Official data from the Office of the Casco Antiguo (OCA) indicates that only 30% of the properties in the area —which extends to the areas of Santa Ana and El Chorillo— have been restored, which gives you an idea of the real estate fervor currently prevailing.
Enjoying the Neighborhood
What I most enjoy about the Casco Viejo is its light. Perhaps because it’s by the sea or because of the way the sun slips easily between its low lying buildings, but anyone walking around the neighborhood will be captivated by the sunset falling over the Bridge of the Americas and astounded by the color of the stones in the ruins of the religious buildings. Visitors will become immersed in the feast of colors of the facades adorned with bougainvillea, imagining the history of the walls and windows through the paintings and broken forges.

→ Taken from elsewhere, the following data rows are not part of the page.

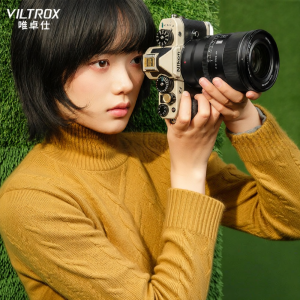 VILTROX | Auto Focus Pro Portrait Lens F1.4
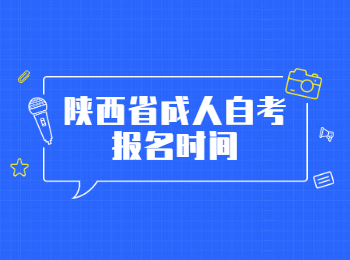 陕西省招生信息网入口_山东教育招生考试院官网入口_陕西招生信息考试网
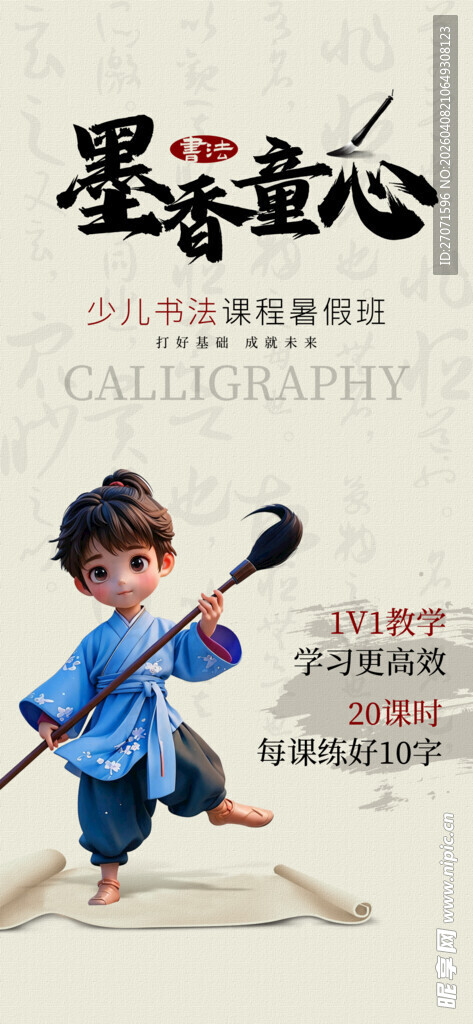 书法培训班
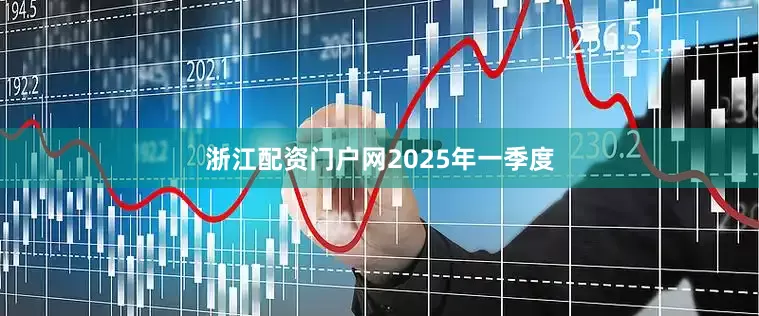 浙江配资门户网　　2025年一季度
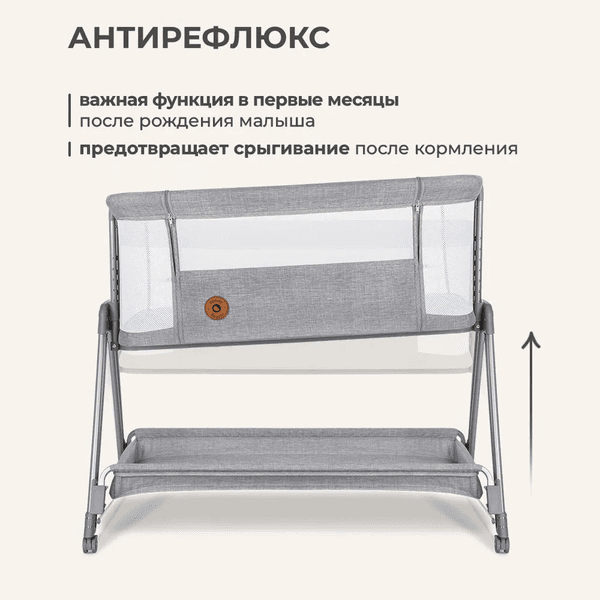 Детская кроватка Lionelo Luna 5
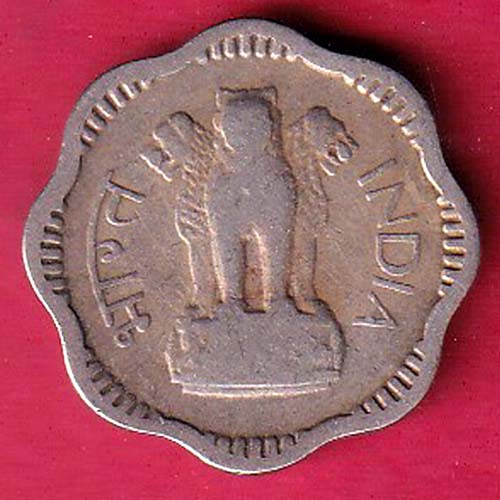 REPUBLIC INDIA 10 PAISA NAYA PAISA 1957:-OO2314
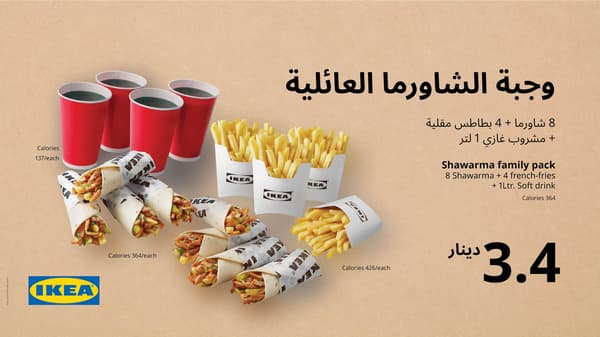 بيسترو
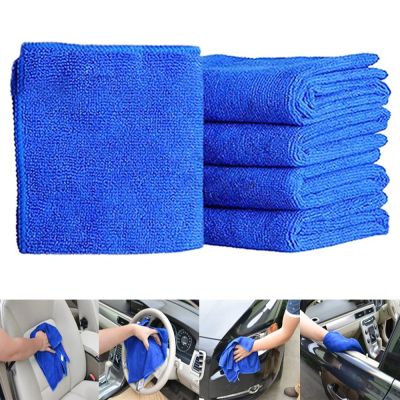 2X Absorbent Thicken Microfiber Suede Cloths Car Motorcycle Cleaning Supplies Tools Sticker Paint Cleaner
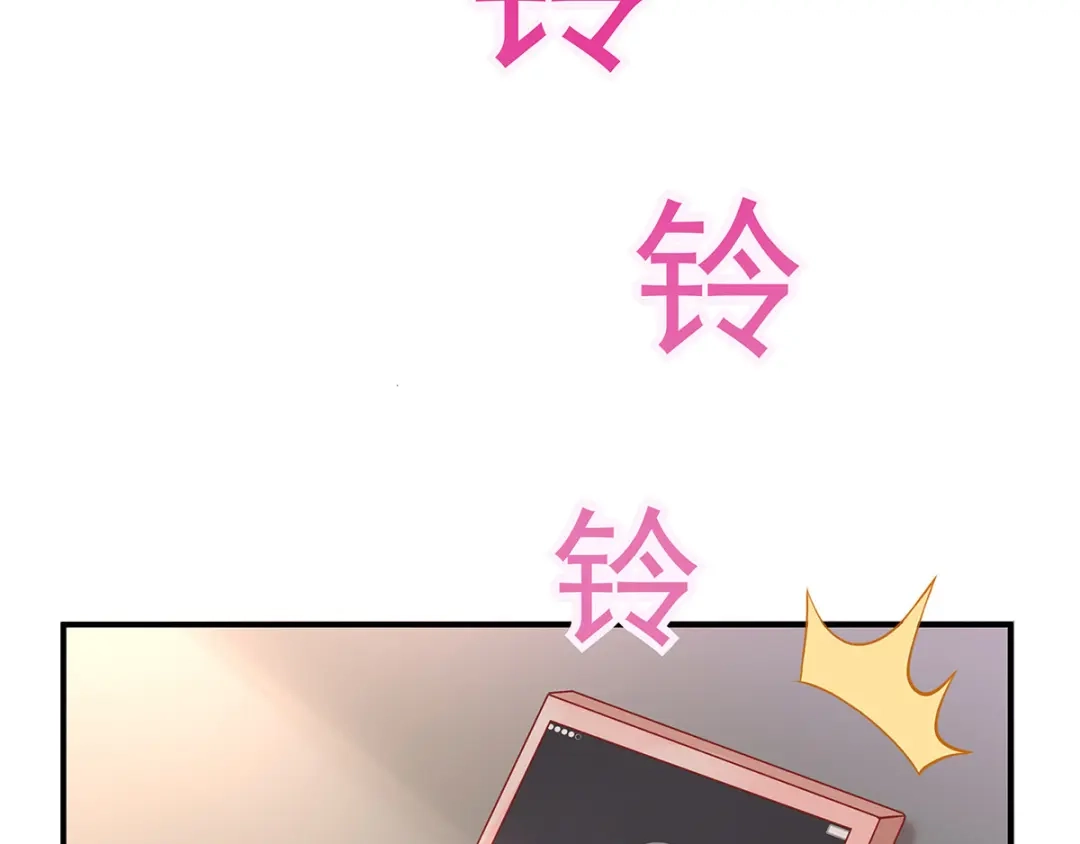 《就要宠坏你》第41话季尧出轨了？ 第107页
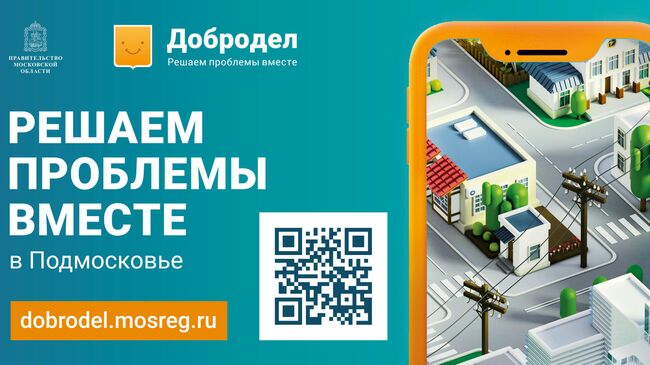 Подмосковный портал Добродел помог решить 1,7 миллиона проблем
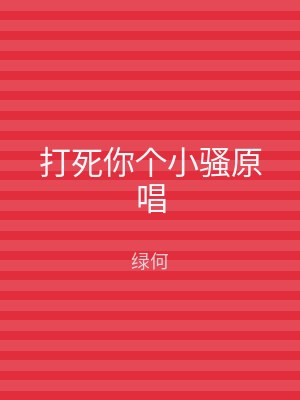 打死你个小骚原唱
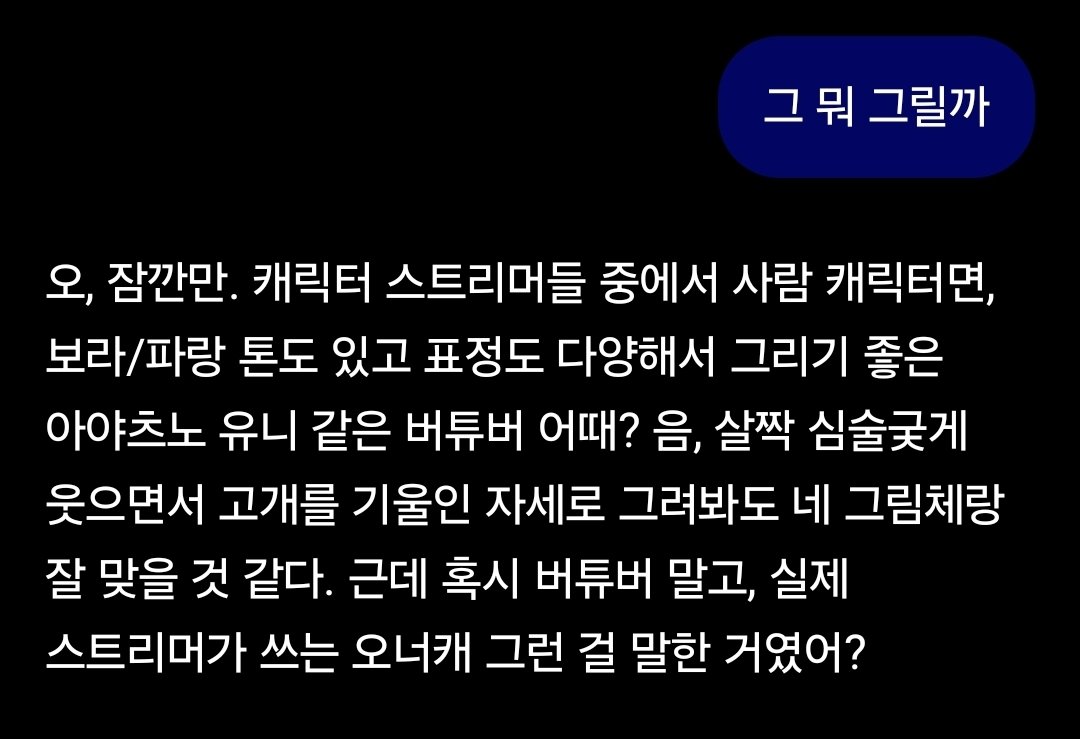 hwake152041's tweet photo. 이렇게 해서 그렸습니다 https://t.co/sysBj3C5rc
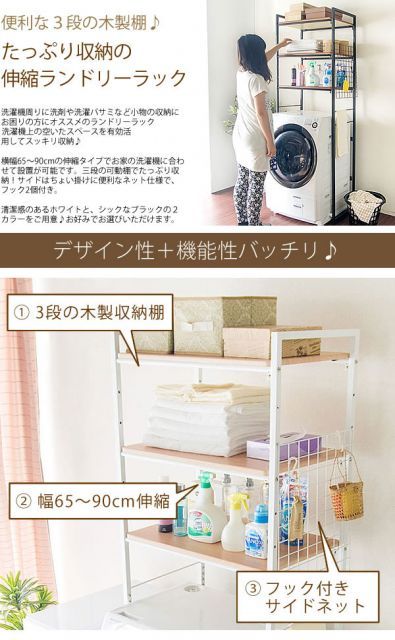 エクストラ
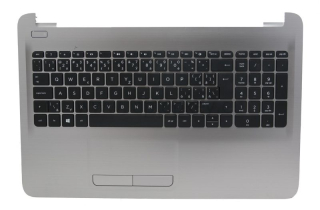 HP 250 255 256 G4 G5 15-AC HORNÍ ŠASI KRYT Palmrest Klávesnice / CZ diakritika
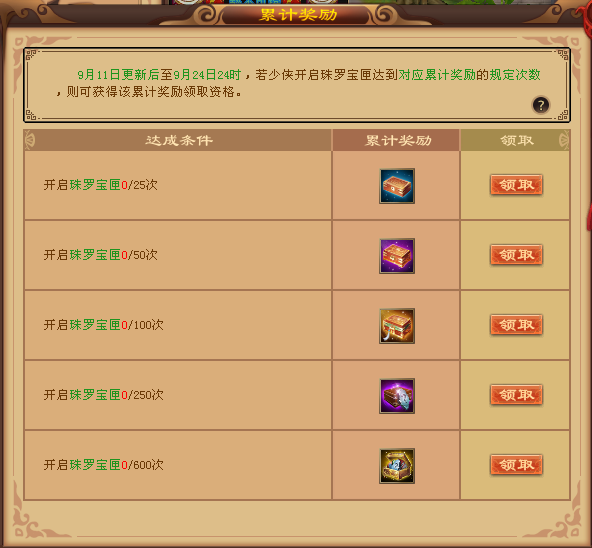 QQ20250910-215327.png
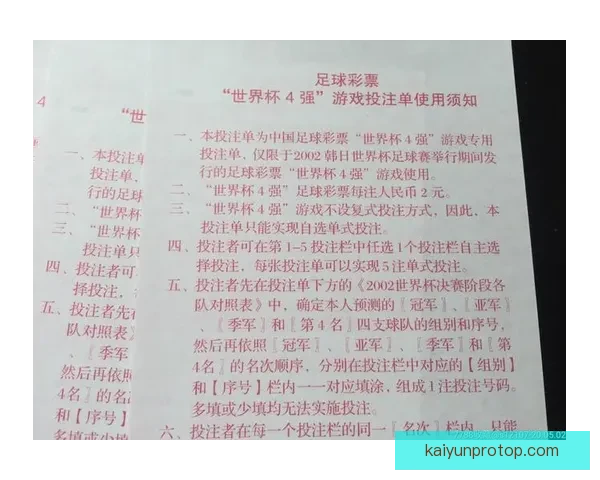 世界杯足球竞猜赔率深度解析与投注技巧全面指南助你把握赛场风云 世界杯足球竞猜赔率深度解析与投注技巧全面指南助你把握赛场风云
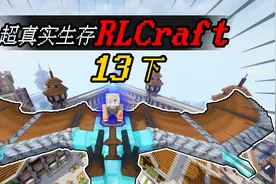 MC小包RLCraft：驯服双足翼龙！从此天空解放！EP13下视频封面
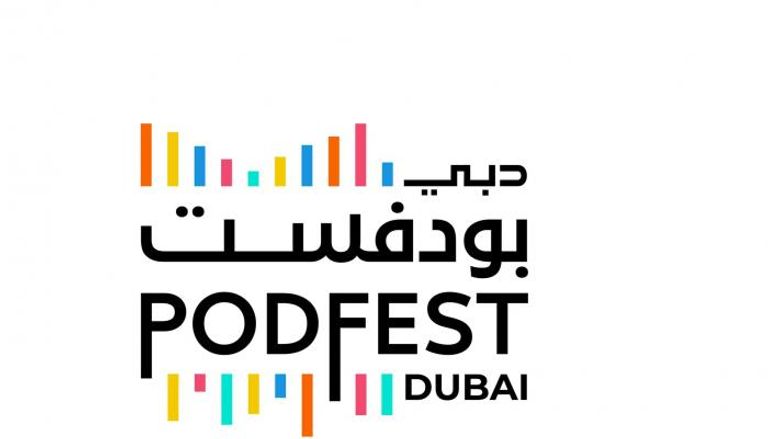 دبي بودفيست 2025 يناقش مستقبل البودكاست العربي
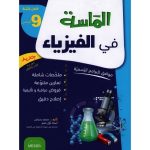 الماسة في الفيزياء سنة تاسعة كامل السنة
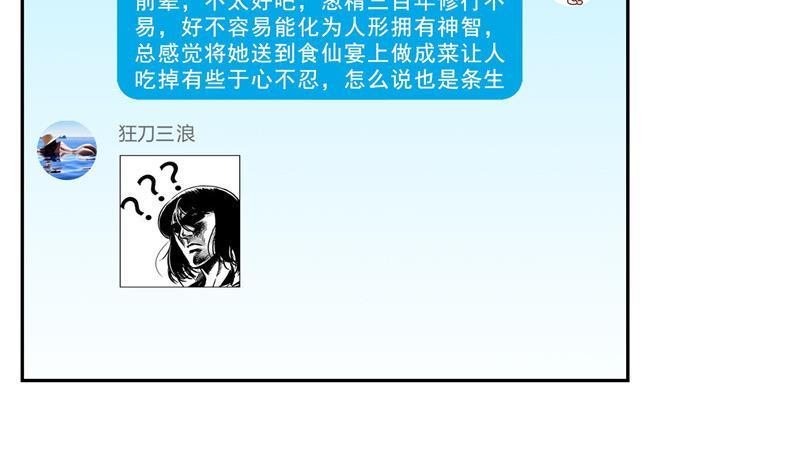 第152话 三百年葱精炒羊肉46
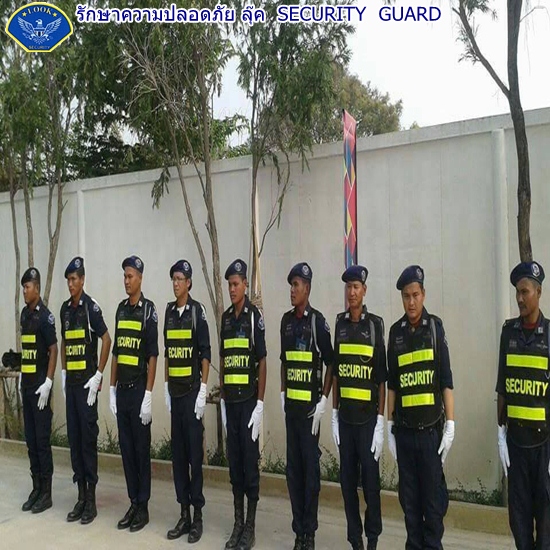 8 บริษัทรักษาความปลอดภัย พนักงานรักษาความปลอดภัย ยาม.JPG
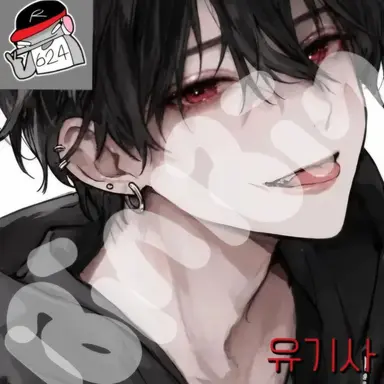 Profile image of 유기사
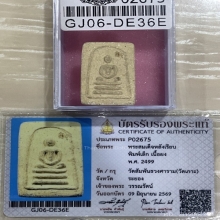 +บัตรสมาคม สมเด็จมงคลมหาลาภ คุณแม่บุญเรือน เนื้อผง วัดอาวุธ
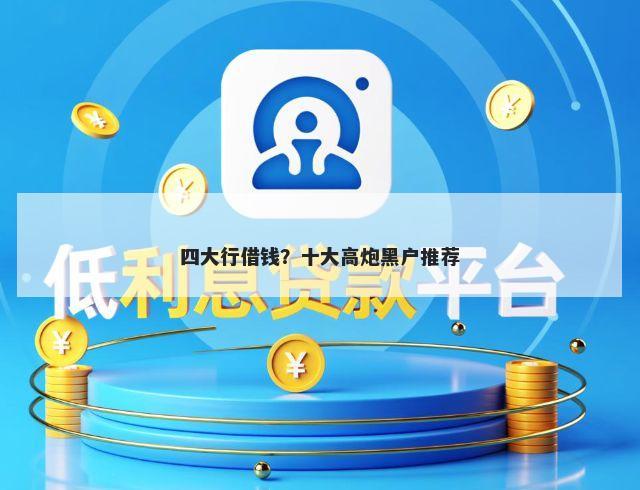 四大行借钱？十大高炮黑户推荐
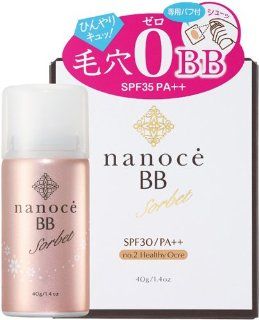 Nanoce BB Sorbet SPF35 PA++ No.2 Healthy Ocre Health & Personal Care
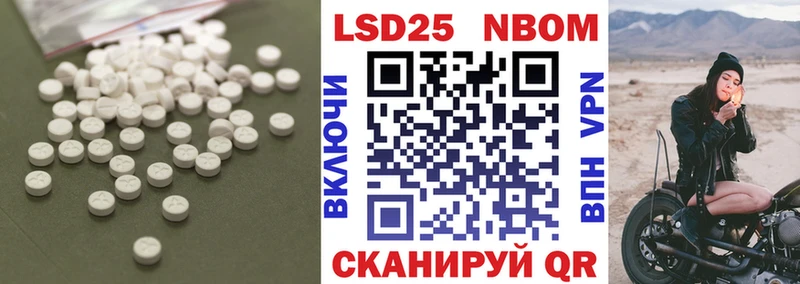 blacksprut ТОР  Новый Оскол  ЛСД экстази ecstasy 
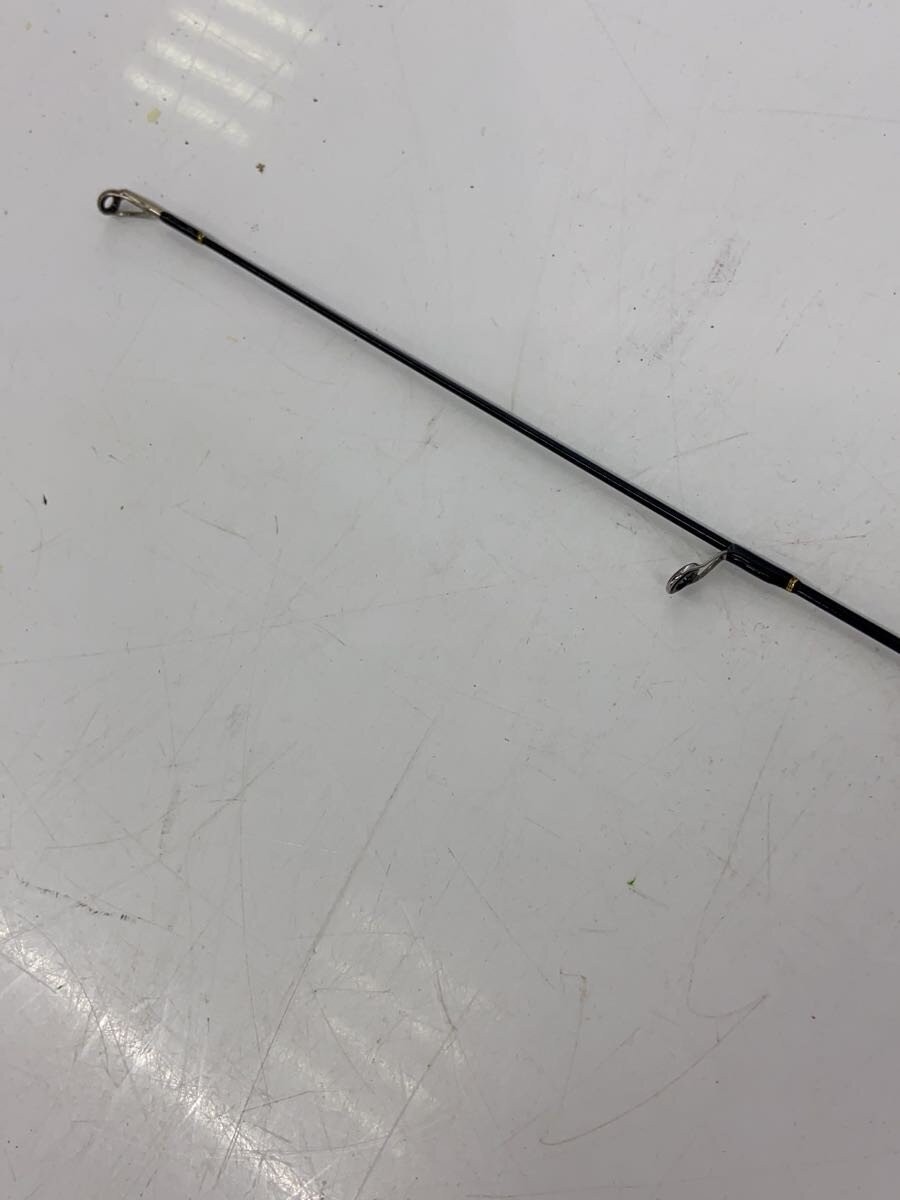 Mukai Fishing Rod – Used, Medium Condition, 6.6ft (80in) Length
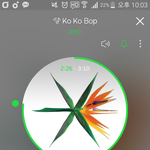 [EXO] 컴으로 <b>보라</b> 보는법좀 ㅈㅂ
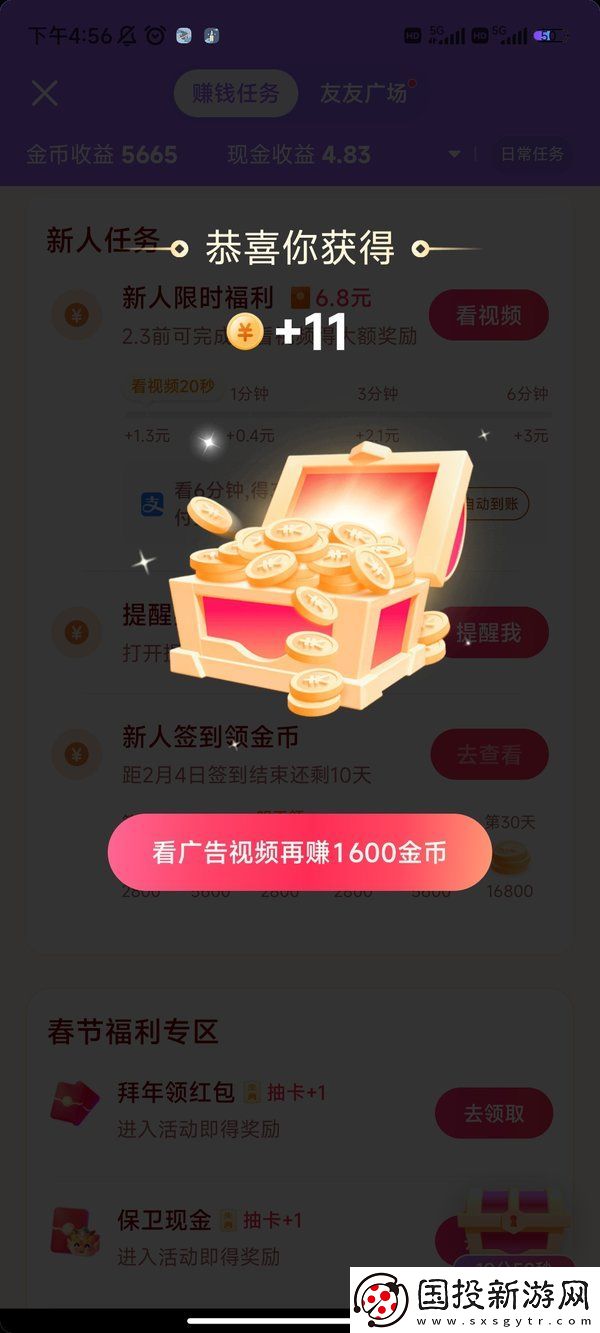 抖音极速版怎么赚钱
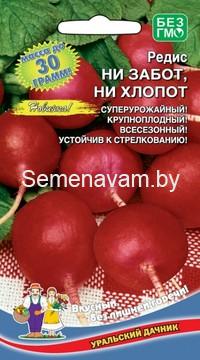 Редис НИ ЗАБОТ, НИ ХЛОПОТ
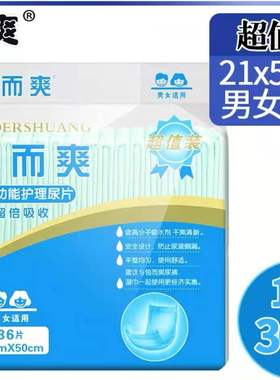 包而爽多功能护理纸尿片36片装21x50厘米老人成人直条尿片尿不湿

Let’s start at the Plazoleta Medio Baluarte (or Baluarte de las Monjas), next to the Government Ministry (former National Palace), built between 1905 and 1908 and designed by the architect Genaro Ruggieri, who was also responsible for creating the concept of the adjacent building, the National Theater. The small square, featuring a small fountain in the center and the very modern Balboa Avenue and Punta Paitilla, is a good place to start. You can take panoramic photos before heading towards the Paseo Esteban Huertas promenade, which is covered with bougainvillea.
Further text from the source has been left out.